• **EXCERPTED RECORDS**:
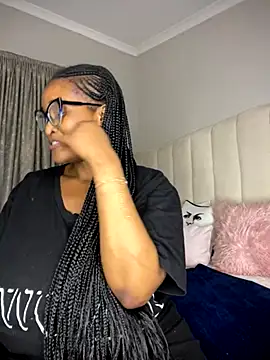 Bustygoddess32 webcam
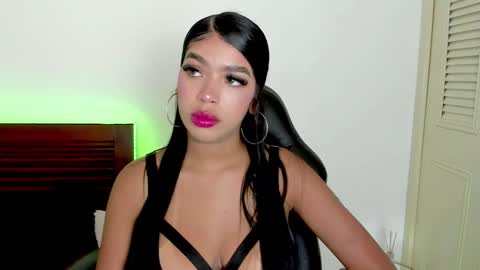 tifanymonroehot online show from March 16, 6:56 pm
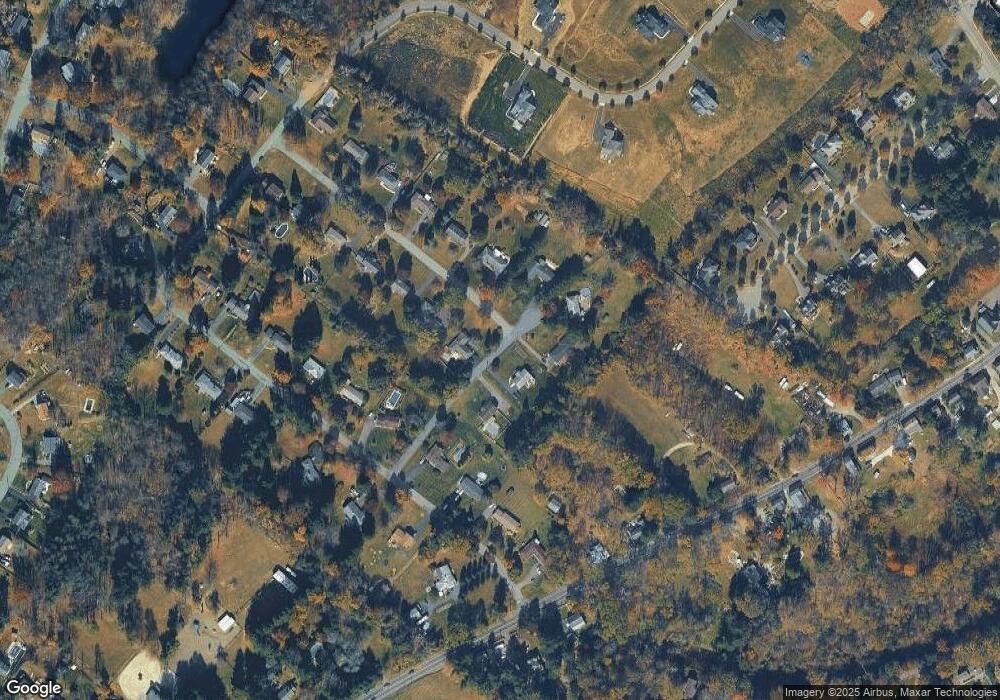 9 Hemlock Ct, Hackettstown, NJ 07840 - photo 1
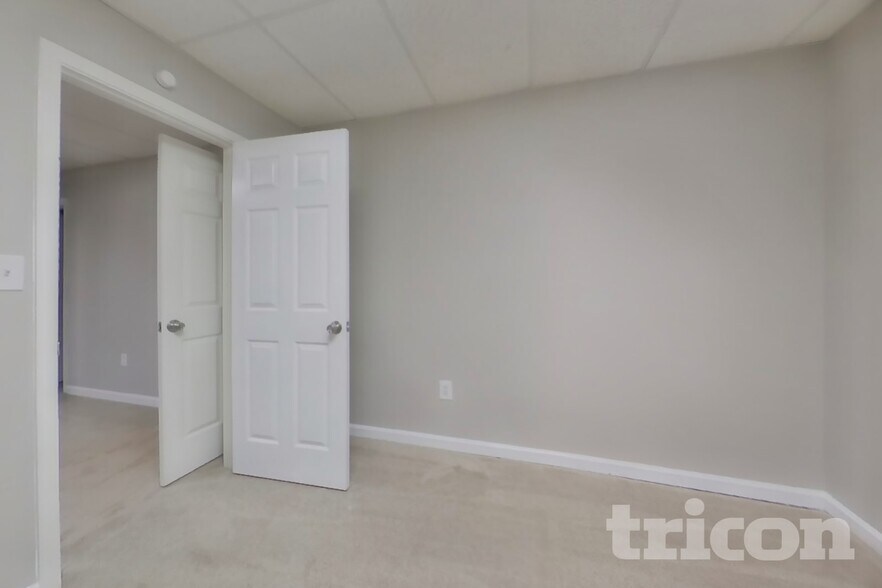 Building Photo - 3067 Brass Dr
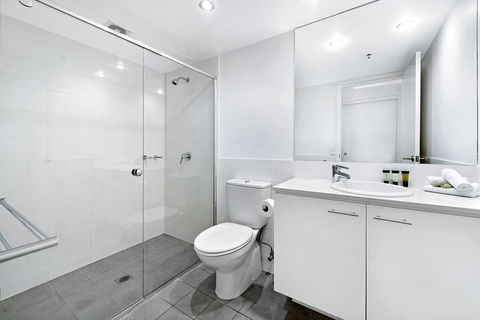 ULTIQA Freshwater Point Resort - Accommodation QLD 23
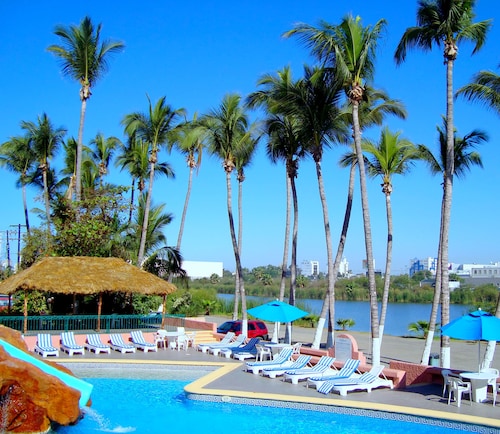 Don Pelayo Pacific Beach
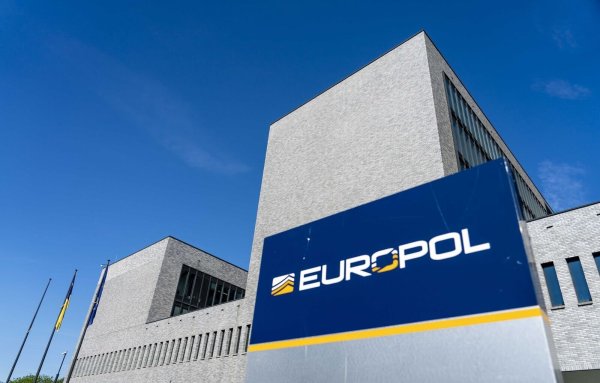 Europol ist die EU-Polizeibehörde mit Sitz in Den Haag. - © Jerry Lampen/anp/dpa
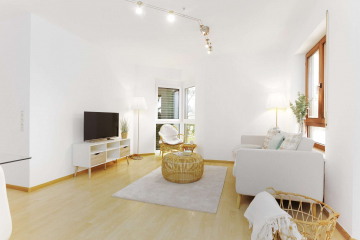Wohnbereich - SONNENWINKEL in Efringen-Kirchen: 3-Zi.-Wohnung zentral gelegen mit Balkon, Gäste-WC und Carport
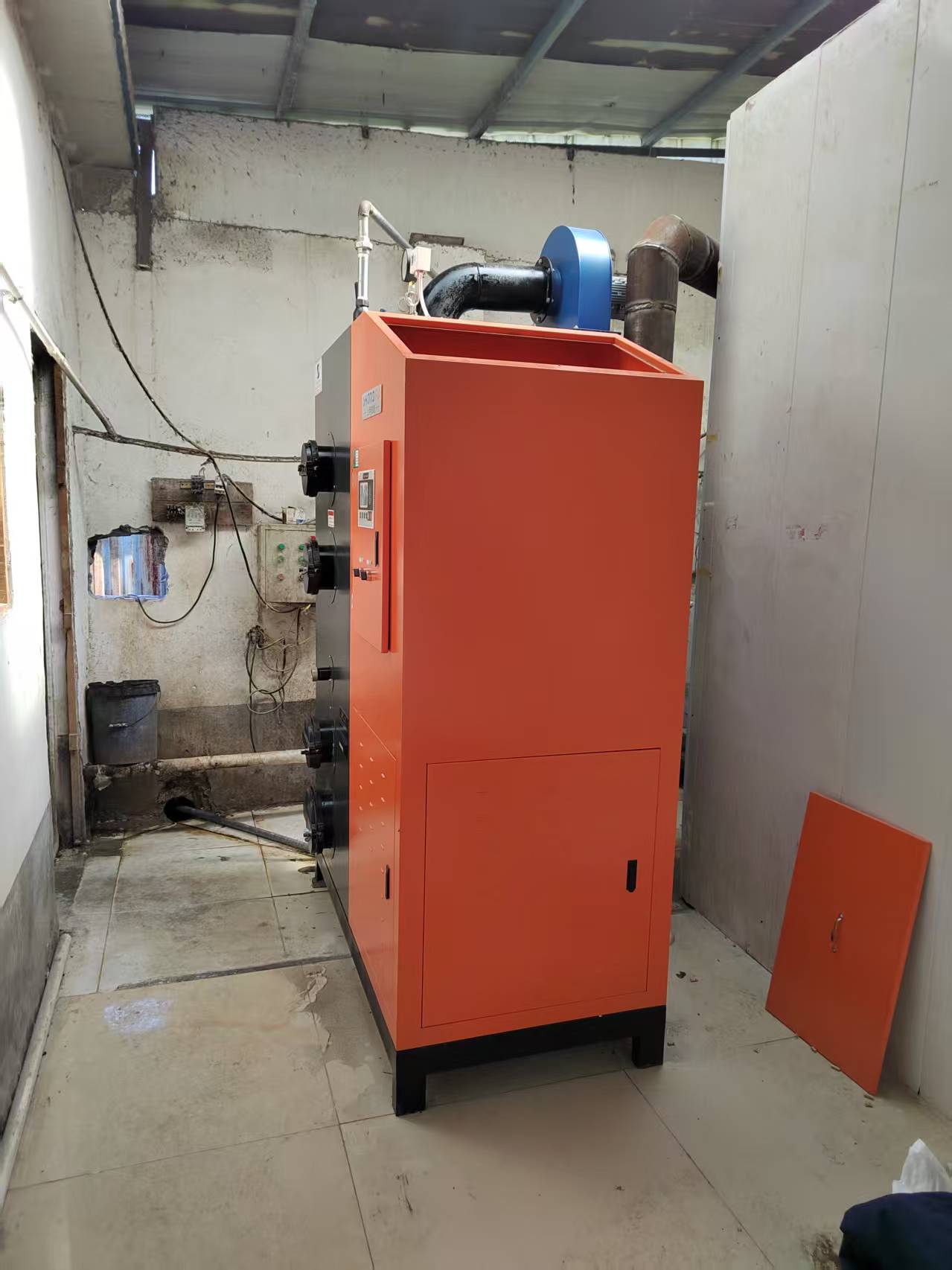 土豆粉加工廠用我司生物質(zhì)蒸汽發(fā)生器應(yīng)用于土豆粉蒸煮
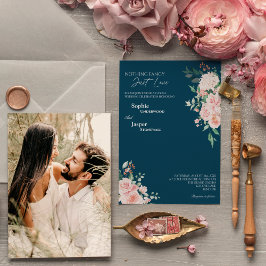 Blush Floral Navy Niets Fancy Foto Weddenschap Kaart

* * *

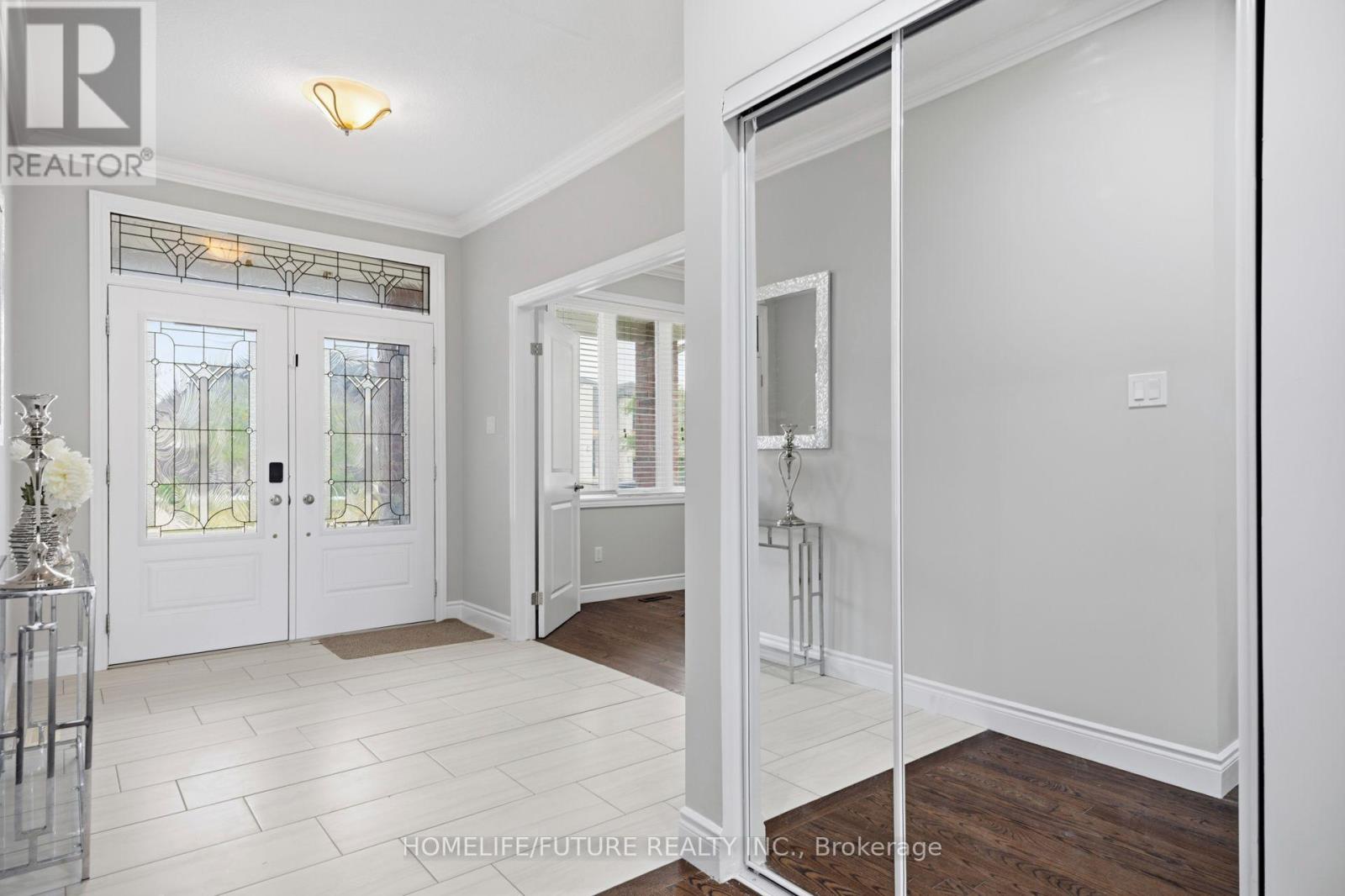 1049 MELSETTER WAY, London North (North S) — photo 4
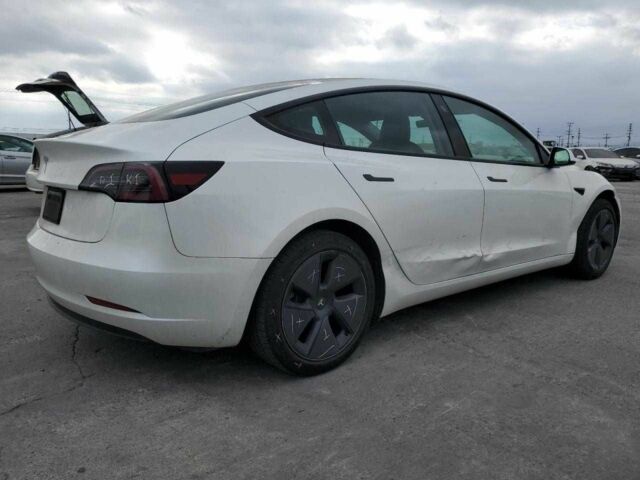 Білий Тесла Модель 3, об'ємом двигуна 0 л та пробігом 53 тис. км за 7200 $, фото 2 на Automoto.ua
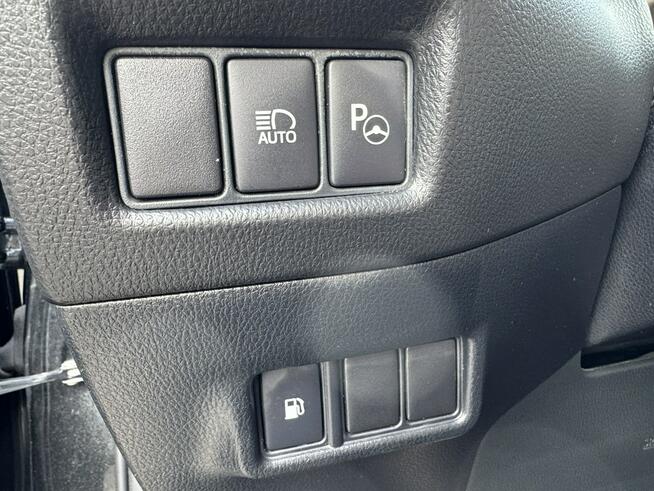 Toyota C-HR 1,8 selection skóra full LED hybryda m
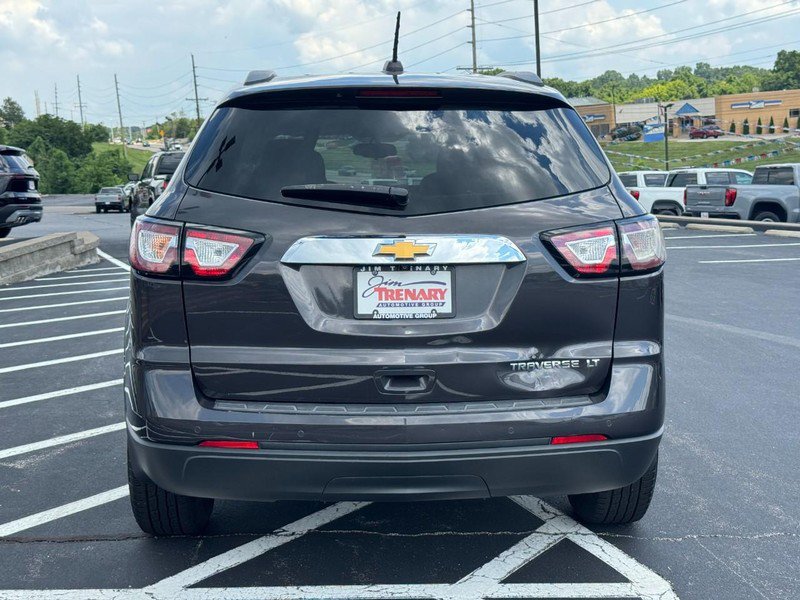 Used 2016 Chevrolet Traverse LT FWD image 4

• **TASK PROMPT**: Repeat the lines above exactly, beginning with the one containing "9 Hemlock Ct, Hackettstown, NJ" and finishing with the one containing "Blush Floral Navy". No pictures belong in the copy.

• **ANSWER TO THE PROBLEM**:
 9 Hemlock Ct, Hackettstown, NJ 07840 - photo 1
 Building Photo - 3067 Brass Dr
 ULTIQA Freshwater Point Resort - Accommodation QLD 23
 Don Pelayo Pacific Beach
 Europol ist die EU-Polizeibehörde mit Sitz in Den Haag. - © Jerry Lampen/anp/dpa
Wohnbereich - SONNENWINKEL in Efringen-Kirchen: 3-Zi.-Wohnung zentral gelegen mit Balkon, Gäste-WC und Carport
 土豆粉加工廠用我司生物質(zhì)蒸汽發(fā)生器應(yīng)用于土豆粉蒸煮
 Blush Floral Navy Niets Fancy Foto Weddenschap Kaart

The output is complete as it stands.